Type the listing below out again exactly. No images.

====== Data section

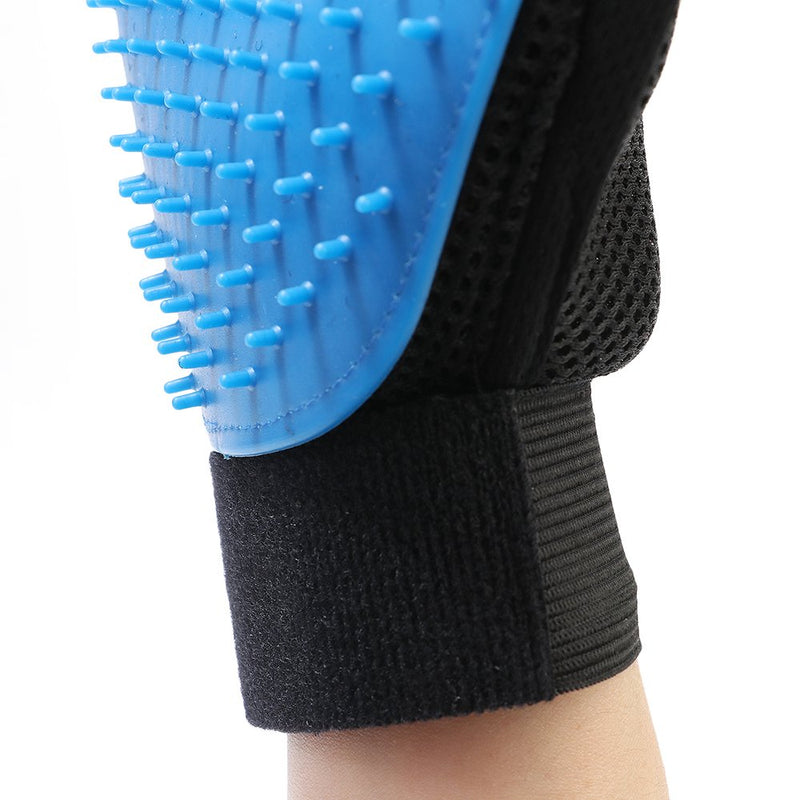 [Australia] - PLUSMI Pet Grooming Glove - Gentle Deshedding Brush Glove Efficient Pet Hair Remover Mitt and Massage Tool Perfect for Dogs & Cats with Long & Short Fur-1 Pair (Blue) 
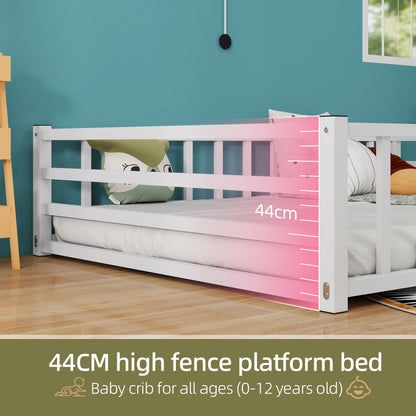 Full Size Floor Bed, Low Profile Metal Platform with Heavy Duty Guardrails, No Box Spring Needed, White image 6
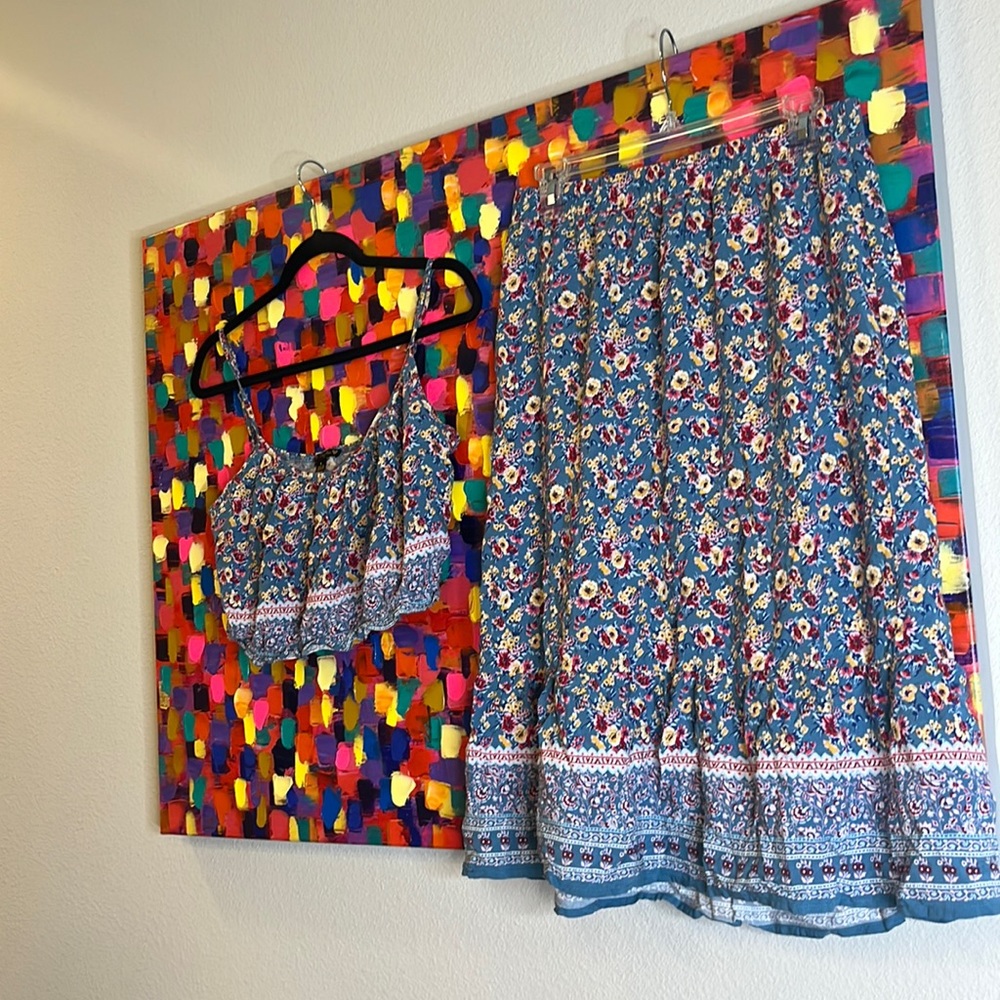 Multi print/ floral 2 piece set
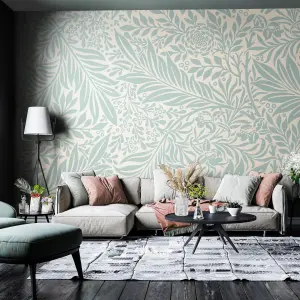 Origin Murals Trailing Ferns - Duck Egg Matt Smooth Paste the Wall Mural 300cm wide x 240cm high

============

### Answer to the problem
 [Australia] - PLUSMI Pet Grooming Glove - Gentle Deshedding Brush Glove Efficient Pet Hair Remover Mitt and Massage Tool Perfect for Dogs & Cats with Long & Short Fur-1 Pair (Blue) 
 Full Size Floor Bed, Low Profile Metal Platform with Heavy Duty Guardrails, No Box Spring Needed, White image 6
 Multi print/ floral 2 piece set
 Origin Murals Trailing Ferns - Duck Egg Matt Smooth Paste the Wall Mural 300cm wide x 240cm high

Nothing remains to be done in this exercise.